Greenlight I think has more positive attributes but I am not sure how good his underwriting is.  Poor underwriting has offset investment gains since 2010.  He has done OK in 2013, CR<100 but has had a really benign years for cats.  We will see.  I have no problem with investment side but (like FFH) it is the underwriting which cam stunt growth. 

 

Packer

 

 

I sold GLRE awhile ago so I don't follow it closely, but I don't think they are that exposed to cats.  They are very selective there.  Also, the closest thing I have found to a mini-BRK is MKL.  I just wish they were a little more aggressive on the asset side sometimes.

 

The reason I bring it up is my understanding of your approach is to buy compounders.  I think this is very good tax-efficient strategy but to be successful as Buffet has been you need businesses to buy at reasonable prices and the market a some point has to award you an at least in-line with market multiple.  I see how this can occur at most of your other ideas you mentioned (Lancaster, BRK, FFH and even GLRE).  But I think  BH even if they can find cheap hostile takeover candidate, the market will continue to attribute an "Biglari" discount to the stock price, a big weight other compounders do not have.  I could be wrong but BH is a too hard compounder for me.  Just my 2 cents.

 

Packer

 

This post has me thinking.  Do we care if the multiple adjusts as long as the compounding is high?  Obviously, it will be a bonus, but we still get the high compounding.

 

Also, shouldn't we want discounts? It opens up another lever in the form of buybacks.  In this case though where it appears there could be an ethical issue, Biglari would probably try to raise capital himself and buy the shares rather than do share repurchases to benefit holders.

Posted

I have been reading FFH’s quarterly reports for nearly 15 years.  That is a lot of quarterly reports my friends.  Upon reflection, I believe that the correlation to what I expect and what gets reported quarterly is running at about a (-)0.90!  In other words, you nearly have to be a masochistic to own it as I still do :)  But I guess that trait has to be at least a little present to be a value investor.  This wonderful correlation also makes it hard for the average analyst or portfolio manger that stays in their job around 3 years to ever get a handle on this company.

 

Oh well, 3 steps forward, 2 steps back in the slow drip of time arbitrage.

 

Cheers

JEast

Very very rough, but attached is a spreadsheet I use to estimate changes in FFH's book value per share.

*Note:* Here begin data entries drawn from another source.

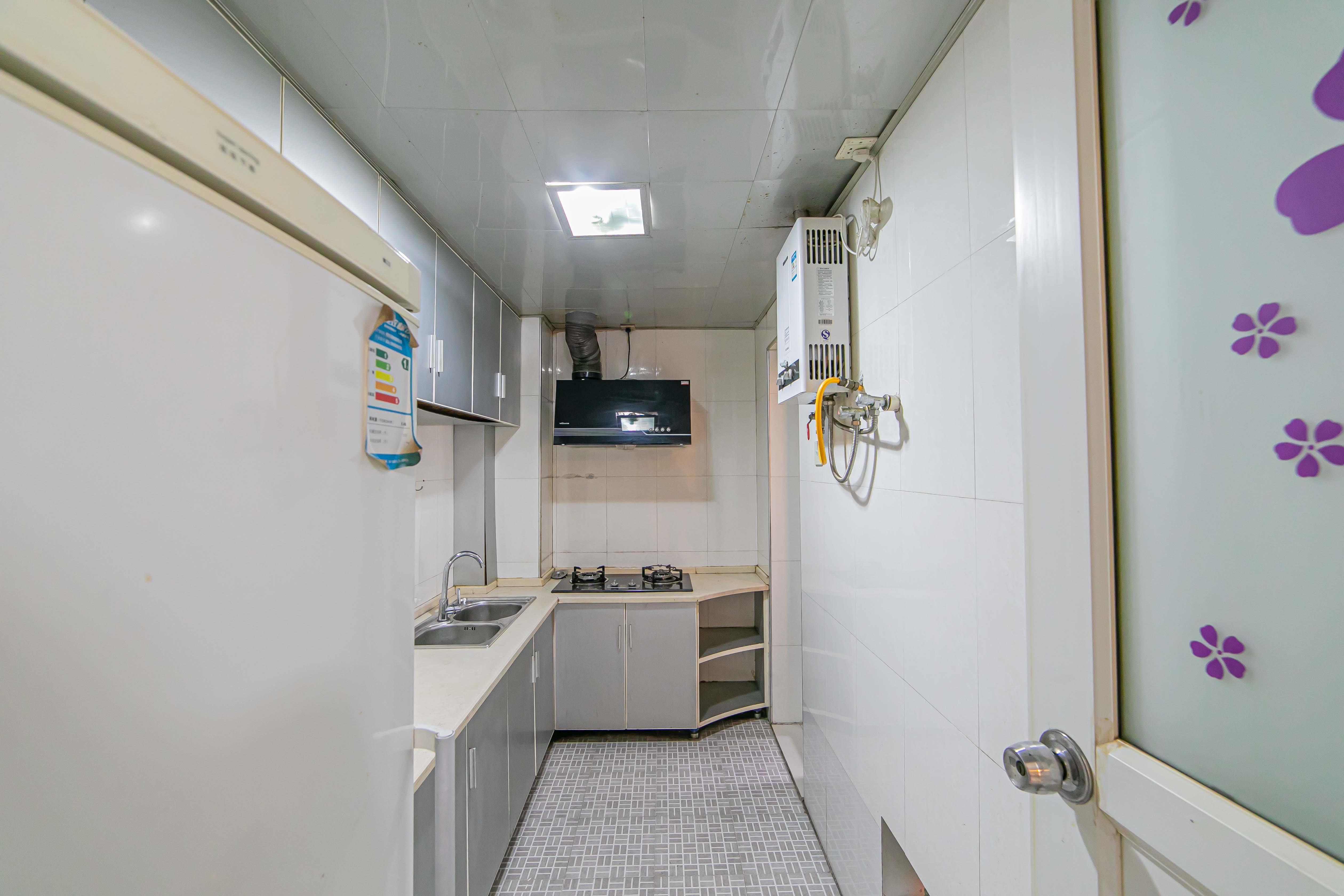 彩都公寓 2室1厅1卫 43.80万 彩都公寓 2室1厅1卫 43.80万厨房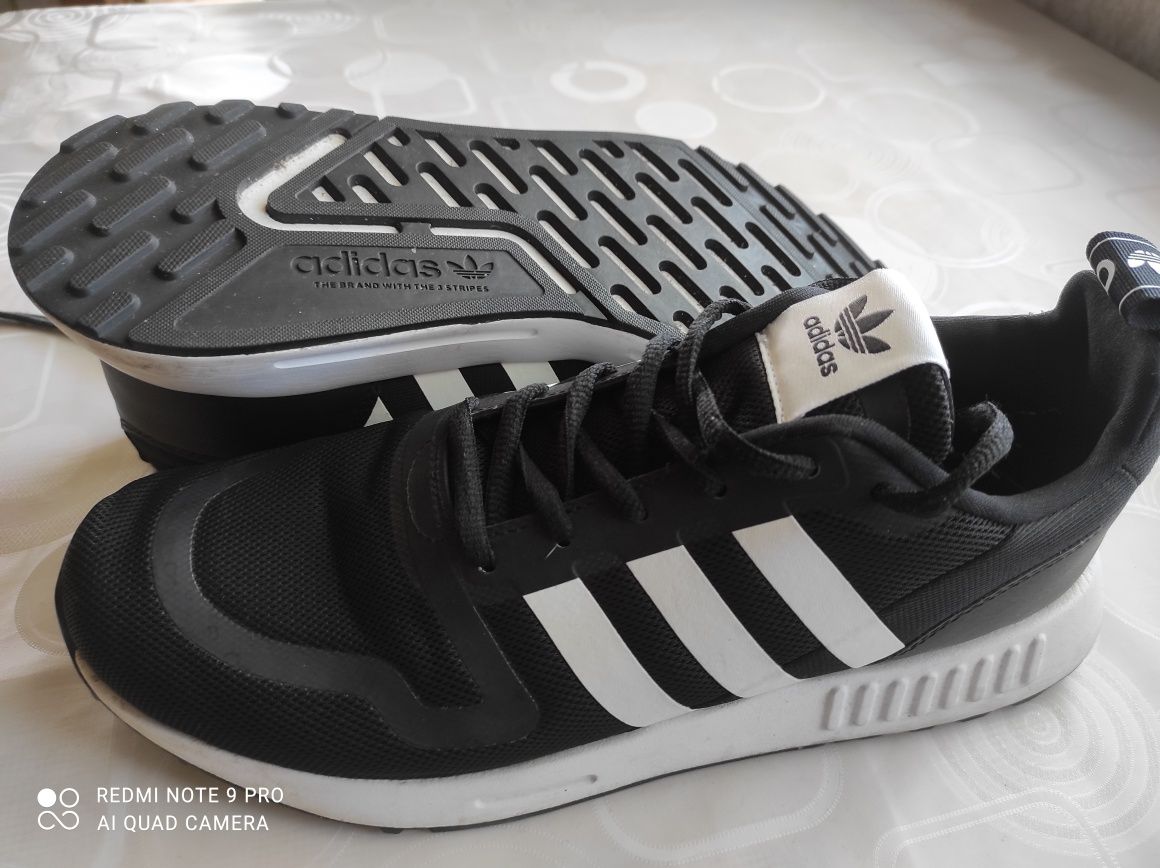 Кросівки Adidas 45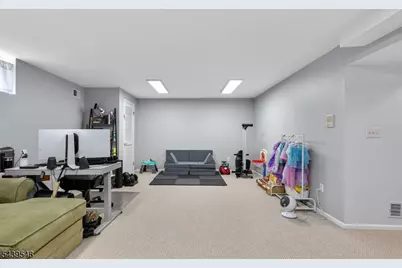 160 Aster Ct, Readington, NJ 08889 - Photo 29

It focuses on changes in the investment portfolio, and ignores operating results and investments in associates etc. Might be slightly helpful, at least directionally.

FFH_BVPS_estimate.xlsx

Posted
Very very rough, but attached is a spreadsheet I use to estimate changes in FFH's book value per share. It focuses on changes in the investment portfolio, and ignores operating results and investments in associates etc. Might be slightly helpful, at least directionally.

 

Very helpful, many thanks

 

nwoodman

Posted

From the Q3 2013 Conference Call:

It doesn’t show in our statements, but we’re long term in building value.

--Mr. Prem Watsa

 

I think no one on the board believes Mr. Watsa could ever say such a thing, if he weren’t really convinced about it. And I think he knows his company very well, much better than anyone else.

 

Of course, if you think that Mr. Watsa & his team have all of a sudden become blind, or have gone crazy, this won’t be of much comfort to you… Let’s just say that I don’t think they have become blind, nor gone crazy. :)

 

giofranchi

 

Posted

Very very rough, but attached is a spreadsheet I use to estimate changes in FFH's book value per share. It focuses on changes in the investment portfolio, and ignores operating results and investments in associates etc. Might be slightly helpful, at least directionally.

 

Very helpful, many thanks

 

nwoodman

Should be obvious, but I left off taxes which you will want to consider if you use this.

Posted

Of course, if you think that Mr. Watsa & his team have all of a sudden become blind, or have gone crazy, this won’t be of much comfort to you… Let’s just say that I don’t think they have become blind, nor gone crazy. :)

 

Not blind or crazy, but I have strong misgivings about Prem's entanglement with the BBRY "tar baby".

Posted

Of course, if you think that Mr. Watsa & his team have all of a sudden become blind, or have gone crazy, this won’t be of much comfort to you… Let’s just say that I don’t think they have become blind, nor gone crazy. :)

 

Not blind or crazy, but I have strong misgivings about Prem's entanglement with the BBRY "tar baby".

 

I'm sure Prem at this point wishes he didn't have this entanglement either.  But it is what it is, and either he salvages it or it goes to zero.  He's not the type to give up, if that is one thing any shareholder should have learned by now.  If things go wrong, he'll pay the price as one of the largest shareholders, then learn from the mistake and move forward.  But he isn't going to give up, and this is scaring a lot of shareholders who can't stomach it.  Cheers!

Posted

 

 

I'm sure Prem at this point wishes he didn't have this entanglement either.  But it is what it is, and either he salvages it or it goes to zero.  He's not the type to give up, if that is one thing any shareholder should have learned by now.  If things go wrong, he'll pay the price as one of the largest shareholders, then learn from the mistake and move forward.  But he isn't going to give up, and this is scaring a lot of shareholders who can't stomach it.  Cheers!

 

Can't stomach it nor rationalize it.

It's hard to understand why Prem takes such big bets/risks when there seem to be less risky or more predictable situations. It's easier to follow Buffet or BBerkowitz in their thesis than Prem/FFH.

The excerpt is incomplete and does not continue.